**How to complete this task**
Type out all the records once more, exactly.

[Available records Boundary: Start]

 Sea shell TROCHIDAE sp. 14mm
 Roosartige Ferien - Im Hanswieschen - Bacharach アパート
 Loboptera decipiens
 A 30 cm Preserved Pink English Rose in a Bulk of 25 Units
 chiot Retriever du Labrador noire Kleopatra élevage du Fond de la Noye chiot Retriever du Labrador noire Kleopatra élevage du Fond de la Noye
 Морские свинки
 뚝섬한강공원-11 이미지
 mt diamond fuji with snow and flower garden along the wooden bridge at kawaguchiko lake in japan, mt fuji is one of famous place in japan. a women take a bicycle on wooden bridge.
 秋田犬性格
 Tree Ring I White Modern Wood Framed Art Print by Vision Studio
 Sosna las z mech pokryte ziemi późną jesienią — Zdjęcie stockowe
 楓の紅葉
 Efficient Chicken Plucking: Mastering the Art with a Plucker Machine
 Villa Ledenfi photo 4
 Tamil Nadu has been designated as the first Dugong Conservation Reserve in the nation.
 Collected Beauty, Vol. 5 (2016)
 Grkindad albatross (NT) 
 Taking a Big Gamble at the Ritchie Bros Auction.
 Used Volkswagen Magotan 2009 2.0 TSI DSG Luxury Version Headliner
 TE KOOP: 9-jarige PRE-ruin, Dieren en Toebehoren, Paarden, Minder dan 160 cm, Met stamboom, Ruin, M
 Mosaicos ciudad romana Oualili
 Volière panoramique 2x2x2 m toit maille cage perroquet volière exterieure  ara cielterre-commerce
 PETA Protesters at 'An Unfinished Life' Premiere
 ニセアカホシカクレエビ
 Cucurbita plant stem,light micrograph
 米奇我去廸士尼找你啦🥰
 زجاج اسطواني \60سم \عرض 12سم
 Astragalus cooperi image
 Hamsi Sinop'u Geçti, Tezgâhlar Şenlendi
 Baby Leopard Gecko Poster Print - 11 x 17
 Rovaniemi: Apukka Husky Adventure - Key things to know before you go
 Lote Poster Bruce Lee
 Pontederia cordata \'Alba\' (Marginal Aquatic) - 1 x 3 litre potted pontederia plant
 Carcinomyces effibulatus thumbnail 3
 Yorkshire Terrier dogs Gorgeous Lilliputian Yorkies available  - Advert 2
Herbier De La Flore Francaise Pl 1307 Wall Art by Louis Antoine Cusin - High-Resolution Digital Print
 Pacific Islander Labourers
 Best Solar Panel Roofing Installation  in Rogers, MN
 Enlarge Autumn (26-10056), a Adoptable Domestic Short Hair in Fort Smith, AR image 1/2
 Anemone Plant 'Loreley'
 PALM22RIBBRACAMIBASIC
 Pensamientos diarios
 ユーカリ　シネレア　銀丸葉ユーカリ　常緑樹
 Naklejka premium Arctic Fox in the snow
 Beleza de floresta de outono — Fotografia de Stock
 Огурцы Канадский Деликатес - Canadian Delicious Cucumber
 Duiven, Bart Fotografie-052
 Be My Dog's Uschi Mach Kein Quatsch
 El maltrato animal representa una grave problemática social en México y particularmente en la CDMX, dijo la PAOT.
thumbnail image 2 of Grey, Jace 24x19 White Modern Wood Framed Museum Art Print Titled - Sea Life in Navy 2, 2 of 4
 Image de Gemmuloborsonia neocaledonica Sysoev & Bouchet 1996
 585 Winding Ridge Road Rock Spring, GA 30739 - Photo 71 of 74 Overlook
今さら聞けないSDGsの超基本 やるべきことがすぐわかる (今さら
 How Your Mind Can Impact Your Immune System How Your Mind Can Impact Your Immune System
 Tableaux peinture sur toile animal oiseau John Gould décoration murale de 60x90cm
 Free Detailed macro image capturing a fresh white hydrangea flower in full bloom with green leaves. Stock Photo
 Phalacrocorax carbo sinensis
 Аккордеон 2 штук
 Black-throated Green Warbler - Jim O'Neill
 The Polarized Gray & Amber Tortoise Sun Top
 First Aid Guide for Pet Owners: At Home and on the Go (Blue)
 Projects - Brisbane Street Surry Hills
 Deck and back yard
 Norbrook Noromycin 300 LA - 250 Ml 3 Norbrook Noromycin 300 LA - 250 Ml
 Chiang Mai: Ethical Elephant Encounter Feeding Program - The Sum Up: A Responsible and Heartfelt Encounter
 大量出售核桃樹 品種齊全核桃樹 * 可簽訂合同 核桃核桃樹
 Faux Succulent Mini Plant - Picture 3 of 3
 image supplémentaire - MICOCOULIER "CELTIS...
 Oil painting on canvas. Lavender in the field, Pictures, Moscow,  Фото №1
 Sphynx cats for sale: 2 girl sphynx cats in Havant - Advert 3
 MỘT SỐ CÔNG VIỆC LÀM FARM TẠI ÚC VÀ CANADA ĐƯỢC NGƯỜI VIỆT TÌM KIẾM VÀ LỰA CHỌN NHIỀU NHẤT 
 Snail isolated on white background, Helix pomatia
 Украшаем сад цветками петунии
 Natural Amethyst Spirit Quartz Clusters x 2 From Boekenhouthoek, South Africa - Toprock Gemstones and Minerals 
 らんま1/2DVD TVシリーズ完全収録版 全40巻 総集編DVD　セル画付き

[Available records Boundary: End]

**Answer area**
 Sea shell TROCHIDAE sp. 14mm
 Roosartige Ferien - Im Hanswieschen - Bacharach アパート
 Loboptera decipiens
 A 30 cm Preserved Pink English Rose in a Bulk of 25 Units
 chiot Retriever du Labrador noire Kleopatra élevage du Fond de la Noye chiot Retriever du Labrador noire Kleopatra élevage du Fond de la Noye
 Морские свинки
 뚝섬한강공원-11 이미지
 mt diamond fuji with snow and flower garden along the wooden bridge at kawaguchiko lake in japan, mt fuji is one of famous place in japan. a women take a bicycle on wooden bridge.
 秋田犬性格
 Tree Ring I White Modern Wood Framed Art Print by Vision Studio
 Sosna las z mech pokryte ziemi późną jesienią — Zdjęcie stockowe
 楓の紅葉
 Efficient Chicken Plucking: Mastering the Art with a Plucker Machine
 Villa Ledenfi photo 4
 Tamil Nadu has been designated as the first Dugong Conservation Reserve in the nation.
 Collected Beauty, Vol. 5 (2016)
 Grkindad albatross (NT) 
 Taking a Big Gamble at the Ritchie Bros Auction.
 Used Volkswagen Magotan 2009 2.0 TSI DSG Luxury Version Headliner
 TE KOOP: 9-jarige PRE-ruin, Dieren en Toebehoren, Paarden, Minder dan 160 cm, Met stamboom, Ruin, M
 Mosaicos ciudad romana Oualili
 Volière panoramique 2x2x2 m toit maille cage perroquet volière exterieure  ara cielterre-commerce
 PETA Protesters at 'An Unfinished Life' Premiere
 ニセアカホシカクレエビ
 Cucurbita plant stem,light micrograph
 米奇我去廸士尼找你啦🥰
 زجاج اسطواني \60سم \عرض 12سم
 Astragalus cooperi image
 Hamsi Sinop'u Geçti, Tezgâhlar Şenlendi
 Baby Leopard Gecko Poster Print - 11 x 17
 Rovaniemi: Apukka Husky Adventure - Key things to know before you go
 Lote Poster Bruce Lee
 Pontederia cordata \'Alba\' (Marginal Aquatic) - 1 x 3 litre potted pontederia plant
 Carcinomyces effibulatus thumbnail 3
 Yorkshire Terrier dogs Gorgeous Lilliputian Yorkies available  - Advert 2
Herbier De La Flore Francaise Pl 1307 Wall Art by Louis Antoine Cusin - High-Resolution Digital Print
 Pacific Islander Labourers
 Best Solar Panel Roofing Installation  in Rogers, MN
 Enlarge Autumn (26-10056), a Adoptable Domestic Short Hair in Fort Smith, AR image 1/2
 Anemone Plant 'Loreley'
 PALM22RIBBRACAMIBASIC
 Pensamientos diarios
 ユーカリ　シネレア　銀丸葉ユーカリ　常緑樹
 Naklejka premium Arctic Fox in the snow
 Beleza de floresta de outono — Fotografia de Stock
 Огурцы Канадский Деликатес - Canadian Delicious Cucumber
 Duiven, Bart Fotografie-052
 Be My Dog's Uschi Mach Kein Quatsch
 El maltrato animal representa una grave problemática social en México y particularmente en la CDMX, dijo la PAOT.
thumbnail image 2 of Grey, Jace 24x19 White Modern Wood Framed Museum Art Print Titled - Sea Life in Navy 2, 2 of 4
 Image de Gemmuloborsonia neocaledonica Sysoev & Bouchet 1996
 585 Winding Ridge Road Rock Spring, GA 30739 - Photo 71 of 74 Overlook
今さら聞けないSDGsの超基本 やるべきことがすぐわかる (今さら
 How Your Mind Can Impact Your Immune System How Your Mind Can Impact Your Immune System
 Tableaux peinture sur toile animal oiseau John Gould décoration murale de 60x90cm
 Free Detailed macro image capturing a fresh white hydrangea flower in full bloom with green leaves. Stock Photo
 Phalacrocorax carbo sinensis
 Аккордеон 2 штук
 Black-throated Green Warbler - Jim O'Neill
 The Polarized Gray & Amber Tortoise Sun Top
 First Aid Guide for Pet Owners: At Home and on the Go (Blue)
 Projects - Brisbane Street Surry Hills
 Deck and back yard
 Norbrook Noromycin 300 LA - 250 Ml 3 Norbrook Noromycin 300 LA - 250 Ml
 Chiang Mai: Ethical Elephant Encounter Feeding Program - The Sum Up: A Responsible and Heartfelt Encounter
 大量出售核桃樹 品種齊全核桃樹 * 可簽訂合同 核桃核桃樹
 Faux Succulent Mini Plant - Picture 3 of 3
 image supplémentaire - MICOCOULIER "CELTIS...
 Oil painting on canvas. Lavender in the field, Pictures, Moscow,  Фото №1
 Sphynx cats for sale: 2 girl sphynx cats in Havant - Advert 3
 MỘT SỐ CÔNG VIỆC LÀM FARM TẠI ÚC VÀ CANADA ĐƯỢC NGƯỜI VIỆT TÌM KIẾM VÀ LỰA CHỌN NHIỀU NHẤT 
 Snail isolated on white background, Helix pomatia
 Украшаем сад цветками петунии
 Natural Amethyst Spirit Quartz Clusters x 2 From Boekenhouthoek, South Africa - Toprock Gemstones and Minerals 
 らんま1/2DVD TVシリーズ完全収録版 全40巻 総集編DVD　セル画付き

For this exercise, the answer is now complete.